Let’s face it: This is Barone we’re talking about. Perhaps I could see if our cafeteria was equivalent to a four- or five-star restaurant. However, I truly believe that the amount of money we are required to spend on meal plans while living in dorms just does not add up.
Instead of simply ranting about how expensive the meal plan is, why don’t we take a look at a few numerical facts to put this into perspective? The average meal plan consists of twelve meals per week at Barone and $100 worth of Dining Dollars that can be used at the Stag. Per semester, this totals approximately $2,365. While the $100 Dining Dollars might seem like a perk to some students, the Stag food is so incredibly overpriced that the money practically flies right off your StagCard. This leaves us paying $2,265 solely for the food in Barone.
Comparing this statistic to the price of board ($3,500 dollars per semester) creates a few shocking gasps. When remembering that this money covers dorm rooms, cleaning services, the prices of student lounges, gym memberships and many other services, it seems outrageous that our meal plans cost even close to this amount.
As Jillian Muhlbauer ’14 says, “We are paying money to be able to use the facilities in the buildings, such as the kitchens in the student lounges. I would much rather cook meals there and save some money.”
It is true that making soup, sandwiches and pasta on your own can save a great deal of money. However, students living in dorms are still required to choose a meal plan from a list of options.

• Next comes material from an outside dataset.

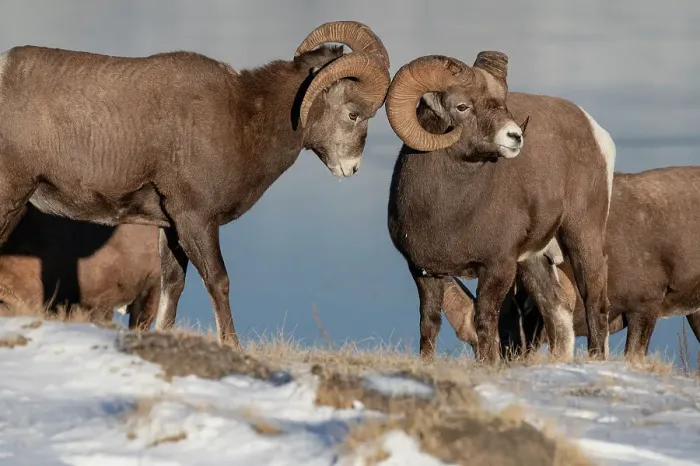 Framed Print : Rocky mountain bighorn rams (ovis canadensis) during the rut (mating) season, Jasper National Park, UNESCO World Heritage Site, Alberta, Canadian Rockies, Canada, North America Framed Print : Rocky mountain bighorn rams (ovis canadensis) during the rut (mating) season, Jasper National Park, UNESCO World Heritage Site, Alberta, Canadian Rockies, Canada, North America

It is a common misconception that changing the meal plan to 10 meals per week and $300 Dining Dollars may save us a nice portion of money. In reality, it costs an additional $150 to do so. While a student using this plan may receive $200 more Dining Dollars, they are really only receiving $50 more Dining Dollars because of the cost of the additional charge. This leaves the student with 32 fewer meals per semester, which clearly does not make sense. I am really unsure where the logic for this plan came from.
I highly recommend that the University reconsider the Sodexho meal plans for next year so that a small financial weight can be lifted off the backs of students and their parents. While we are stuck with our expensive meal plans, let’s try to be economically savvy and use at least a few of our meals weekly while stretching out those Dining Dollars for as long as possible.